Source information:
===============

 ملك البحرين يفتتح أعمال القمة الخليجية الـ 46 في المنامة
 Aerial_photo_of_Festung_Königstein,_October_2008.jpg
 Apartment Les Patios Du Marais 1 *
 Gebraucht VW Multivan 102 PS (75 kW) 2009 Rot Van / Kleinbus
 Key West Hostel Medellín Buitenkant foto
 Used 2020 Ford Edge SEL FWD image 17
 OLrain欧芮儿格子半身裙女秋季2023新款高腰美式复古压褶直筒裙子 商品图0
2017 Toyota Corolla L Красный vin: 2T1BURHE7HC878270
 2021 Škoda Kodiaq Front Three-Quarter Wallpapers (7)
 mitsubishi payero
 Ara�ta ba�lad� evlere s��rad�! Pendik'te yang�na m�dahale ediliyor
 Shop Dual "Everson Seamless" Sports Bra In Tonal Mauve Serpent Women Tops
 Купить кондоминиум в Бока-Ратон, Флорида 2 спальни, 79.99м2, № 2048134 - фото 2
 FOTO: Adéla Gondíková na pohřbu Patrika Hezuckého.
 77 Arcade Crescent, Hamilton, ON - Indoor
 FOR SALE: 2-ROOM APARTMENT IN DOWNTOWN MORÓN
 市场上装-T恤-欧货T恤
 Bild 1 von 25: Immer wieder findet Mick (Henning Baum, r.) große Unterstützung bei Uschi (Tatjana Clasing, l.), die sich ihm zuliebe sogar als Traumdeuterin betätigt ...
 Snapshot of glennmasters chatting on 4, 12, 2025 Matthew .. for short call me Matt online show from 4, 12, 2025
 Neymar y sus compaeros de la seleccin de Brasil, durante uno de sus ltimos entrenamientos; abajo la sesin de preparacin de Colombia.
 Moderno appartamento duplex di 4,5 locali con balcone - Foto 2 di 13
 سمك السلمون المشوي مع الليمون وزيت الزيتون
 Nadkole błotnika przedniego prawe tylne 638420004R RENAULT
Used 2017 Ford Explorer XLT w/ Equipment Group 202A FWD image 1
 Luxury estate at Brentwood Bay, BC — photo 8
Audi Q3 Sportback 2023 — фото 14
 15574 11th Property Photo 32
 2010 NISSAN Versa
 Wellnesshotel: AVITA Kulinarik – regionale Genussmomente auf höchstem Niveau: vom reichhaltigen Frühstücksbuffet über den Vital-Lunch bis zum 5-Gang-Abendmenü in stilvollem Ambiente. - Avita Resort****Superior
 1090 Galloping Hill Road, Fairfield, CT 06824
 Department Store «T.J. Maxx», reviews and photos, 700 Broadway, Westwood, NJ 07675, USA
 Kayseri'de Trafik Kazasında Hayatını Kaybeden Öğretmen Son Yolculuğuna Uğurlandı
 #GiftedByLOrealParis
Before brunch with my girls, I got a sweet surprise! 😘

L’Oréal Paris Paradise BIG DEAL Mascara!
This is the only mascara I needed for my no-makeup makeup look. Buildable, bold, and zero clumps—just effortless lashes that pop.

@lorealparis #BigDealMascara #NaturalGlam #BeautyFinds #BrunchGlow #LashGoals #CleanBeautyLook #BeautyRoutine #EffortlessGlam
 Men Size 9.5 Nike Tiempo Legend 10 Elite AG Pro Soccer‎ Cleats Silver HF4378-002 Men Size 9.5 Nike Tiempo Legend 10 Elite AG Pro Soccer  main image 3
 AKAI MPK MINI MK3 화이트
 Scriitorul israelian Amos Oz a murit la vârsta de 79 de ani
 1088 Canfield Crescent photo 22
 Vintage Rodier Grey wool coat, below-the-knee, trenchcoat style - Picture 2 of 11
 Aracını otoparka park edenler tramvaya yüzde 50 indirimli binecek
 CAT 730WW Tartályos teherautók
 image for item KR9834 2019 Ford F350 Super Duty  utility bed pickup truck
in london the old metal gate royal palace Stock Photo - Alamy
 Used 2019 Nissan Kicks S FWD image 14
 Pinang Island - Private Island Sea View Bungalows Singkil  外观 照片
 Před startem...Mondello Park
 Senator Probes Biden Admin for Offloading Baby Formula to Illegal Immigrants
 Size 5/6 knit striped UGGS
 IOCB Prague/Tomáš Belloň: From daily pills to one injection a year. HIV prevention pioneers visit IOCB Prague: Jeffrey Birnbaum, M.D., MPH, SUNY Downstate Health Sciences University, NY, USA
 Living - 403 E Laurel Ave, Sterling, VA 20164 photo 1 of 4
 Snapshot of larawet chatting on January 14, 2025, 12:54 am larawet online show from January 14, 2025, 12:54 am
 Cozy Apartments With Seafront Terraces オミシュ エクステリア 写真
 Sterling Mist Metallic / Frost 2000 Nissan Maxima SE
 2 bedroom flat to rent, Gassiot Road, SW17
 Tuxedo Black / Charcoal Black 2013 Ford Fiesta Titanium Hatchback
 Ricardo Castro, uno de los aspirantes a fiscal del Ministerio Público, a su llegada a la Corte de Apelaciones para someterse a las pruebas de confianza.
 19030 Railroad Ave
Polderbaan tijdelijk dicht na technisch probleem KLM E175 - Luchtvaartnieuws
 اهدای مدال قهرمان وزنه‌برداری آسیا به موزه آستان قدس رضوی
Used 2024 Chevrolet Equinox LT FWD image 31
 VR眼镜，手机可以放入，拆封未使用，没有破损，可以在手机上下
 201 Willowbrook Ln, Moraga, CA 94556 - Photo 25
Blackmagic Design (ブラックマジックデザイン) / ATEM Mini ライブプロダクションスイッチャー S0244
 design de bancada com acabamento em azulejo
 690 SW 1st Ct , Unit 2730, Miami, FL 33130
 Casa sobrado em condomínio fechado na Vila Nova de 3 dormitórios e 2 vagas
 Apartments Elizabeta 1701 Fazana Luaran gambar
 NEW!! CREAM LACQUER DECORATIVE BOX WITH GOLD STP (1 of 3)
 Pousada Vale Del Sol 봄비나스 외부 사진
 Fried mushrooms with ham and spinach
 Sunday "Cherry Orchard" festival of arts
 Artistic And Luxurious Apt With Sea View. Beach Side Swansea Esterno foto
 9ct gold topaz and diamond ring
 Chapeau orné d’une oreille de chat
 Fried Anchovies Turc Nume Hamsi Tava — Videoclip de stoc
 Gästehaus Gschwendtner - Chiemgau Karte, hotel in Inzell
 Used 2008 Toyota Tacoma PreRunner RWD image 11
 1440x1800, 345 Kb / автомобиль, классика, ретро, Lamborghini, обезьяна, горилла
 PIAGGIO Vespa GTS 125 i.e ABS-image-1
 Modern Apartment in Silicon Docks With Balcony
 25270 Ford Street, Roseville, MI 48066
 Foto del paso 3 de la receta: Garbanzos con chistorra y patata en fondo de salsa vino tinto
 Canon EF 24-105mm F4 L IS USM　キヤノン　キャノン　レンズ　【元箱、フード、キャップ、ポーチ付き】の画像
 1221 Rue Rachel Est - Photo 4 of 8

===============

Exercise prompt:
Please go through each line of the data and count those that contain the string "Apartments"; give that number alone.

Answer box:
2